In recent seasons, we've had excellent productions of his melancholy domestic dramas "The Dark at the Top of the Stairs" and "Come Back, Little Sheba". Now. there’s the Roundabout's sensuous, dreamy and deeply affecting "Picnic".
Staged by the always surprising Sam Gold, who also directed a lean, brutal "Look Back in Anger" last year, "Picnic" captures the essence of its retro period and small-town Kansas locale, without being slavishly tied to realism. So when Sebastian Stan, playing a handsome drifter who gets tangled up with the town beauty, whips off his shirt to reveal a 21st-century set of abs, you can either go with it or cry foul.

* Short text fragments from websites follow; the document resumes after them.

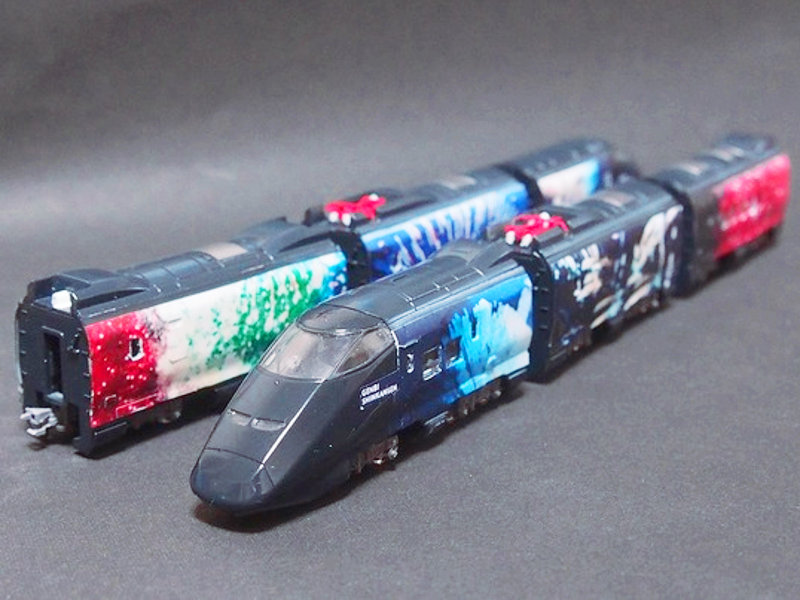 「JR東日本E3系現美新幹線」編成全体像 「JR東日本E3系現美新幹線」編成全体像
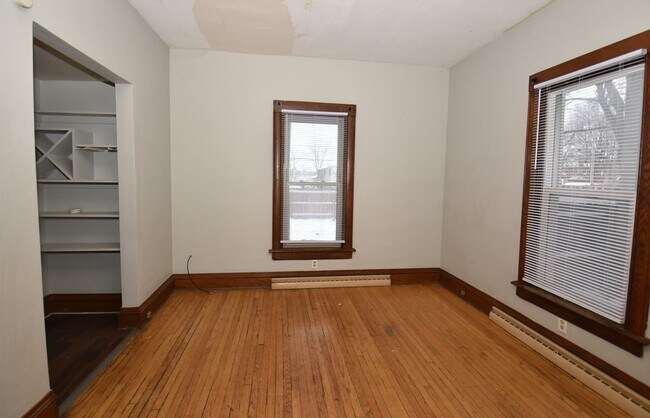 Building Photo - 508 S St Joseph St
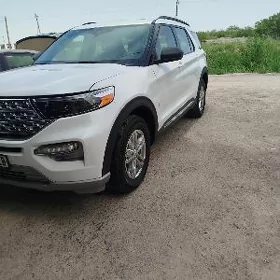Ford Explorer 2021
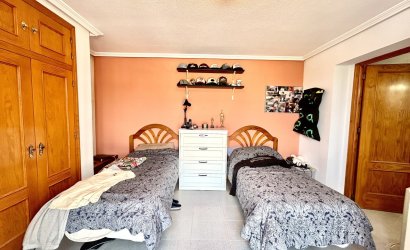 Reventa - Villa -
La Zenia - Costa Blanca
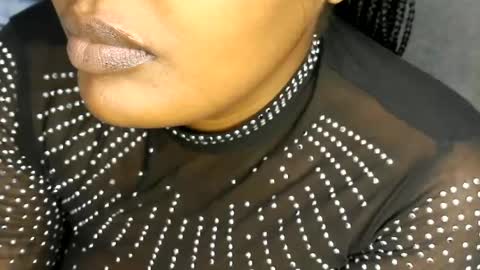 Snapshot of faithokoyo480 chatting on July 4, 5:35 am raysa4421 online show from July 4, 5:35 am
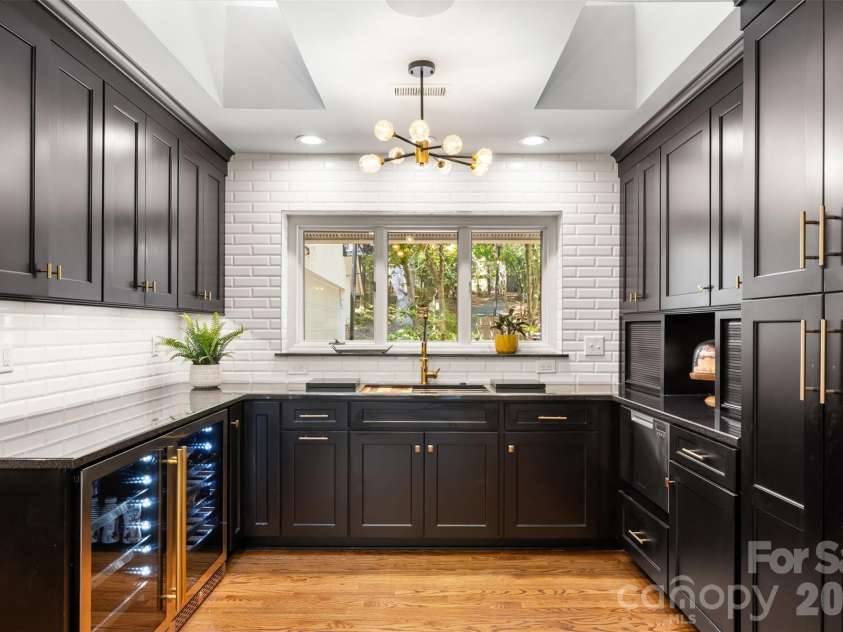 27 Timberidge Drive, Lake Wylie, SC 29710.  MLS# CAR4422088, YatesRealty ID 52312.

The truth is, Stan's character, Hal, is dangerously attractive to the women in the play and he should also seduce the audience. Maggie Grace, the willowy blonde beauty who plays Madge, is equally stunning. To be sure, these young actors are not polished, but their coltishness, the slight slippage between actor and role, works.

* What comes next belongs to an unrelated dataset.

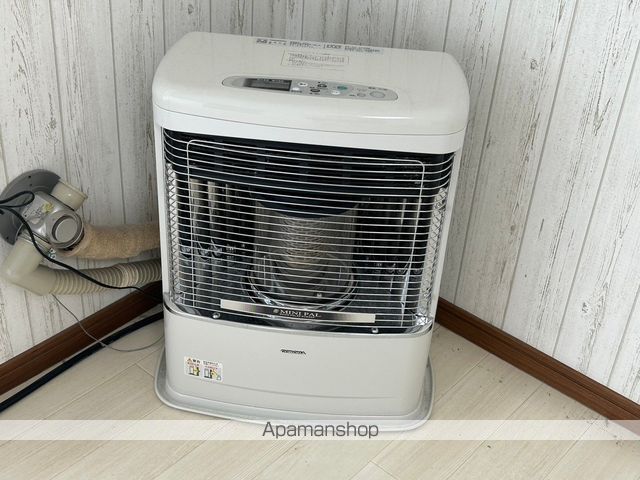 ロピア146の内装写真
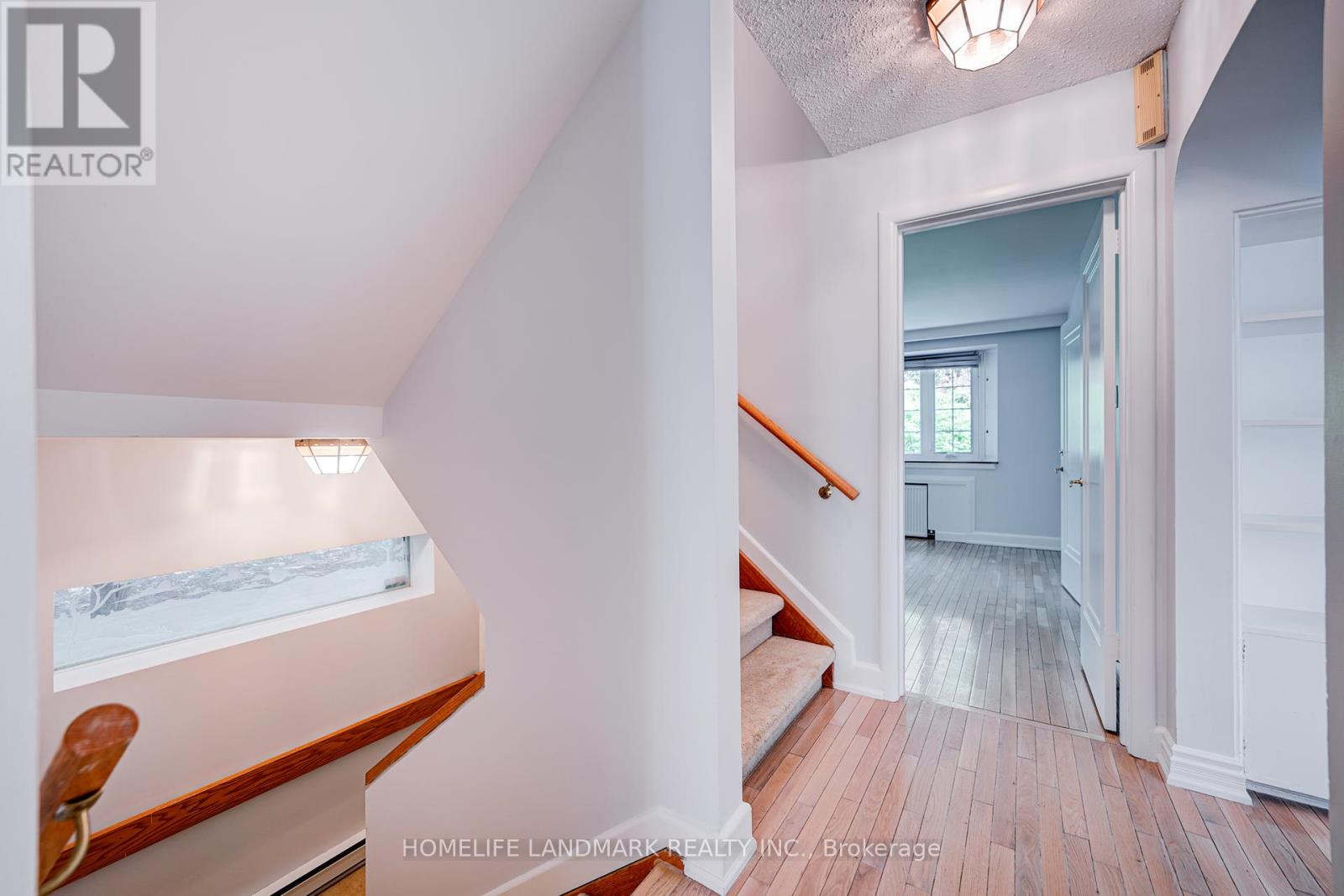 Photo 16 of 60 Fifeshire Road, Toronto ON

Gold mixes his newcomers with stage veterans such as Ellen Burstyn, playing an old maid next-door neighbor; brassy Elizabeth Marvel as a middle-age school teacher desperate for a husband; and Mare Winningham as a fretful mother who wants Madge to rise in the world. Inge’s low-key lyricism blends heartache and hope, centering on insecure youths and regretful adults, all torn between repression and escape. It’s a gossamer tone, and Gold and his actors capture it.
Rich in pathos, attuned to its period but still fresh and, above all, dangerously sexy, "Picnic" is a theatrical feast.